Reproduce, exactly as they appear, the line containing "PawHut Kleintierstall für" and every line after it, ending with the last line of the records.

+---+

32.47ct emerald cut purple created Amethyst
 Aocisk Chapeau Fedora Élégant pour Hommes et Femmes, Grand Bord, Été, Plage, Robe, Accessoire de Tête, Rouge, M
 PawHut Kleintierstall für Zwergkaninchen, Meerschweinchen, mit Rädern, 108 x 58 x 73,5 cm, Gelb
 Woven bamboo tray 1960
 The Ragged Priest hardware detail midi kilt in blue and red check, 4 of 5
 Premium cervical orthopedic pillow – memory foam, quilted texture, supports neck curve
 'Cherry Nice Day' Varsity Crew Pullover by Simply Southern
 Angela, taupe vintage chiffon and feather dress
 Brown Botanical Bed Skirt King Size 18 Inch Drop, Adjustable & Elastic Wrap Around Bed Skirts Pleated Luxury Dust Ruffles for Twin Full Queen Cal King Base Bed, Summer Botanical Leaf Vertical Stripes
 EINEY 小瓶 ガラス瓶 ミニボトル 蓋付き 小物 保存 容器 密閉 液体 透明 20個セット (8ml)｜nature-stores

+---+

Written response:
 PawHut Kleintierstall für Zwergkaninchen, Meerschweinchen, mit Rädern, 108 x 58 x 73,5 cm, Gelb
 Woven bamboo tray 1960
 The Ragged Priest hardware detail midi kilt in blue and red check, 4 of 5
 Premium cervical orthopedic pillow – memory foam, quilted texture, supports neck curve
 'Cherry Nice Day' Varsity Crew Pullover by Simply Southern
 Angela, taupe vintage chiffon and feather dress
 Brown Botanical Bed Skirt King Size 18 Inch Drop, Adjustable & Elastic Wrap Around Bed Skirts Pleated Luxury Dust Ruffles for Twin Full Queen Cal King Base Bed, Summer Botanical Leaf Vertical Stripes
 EINEY 小瓶 ガラス瓶 ミニボトル 蓋付き 小物 保存 容器 密閉 液体 透明 20個セット (8ml)｜nature-stores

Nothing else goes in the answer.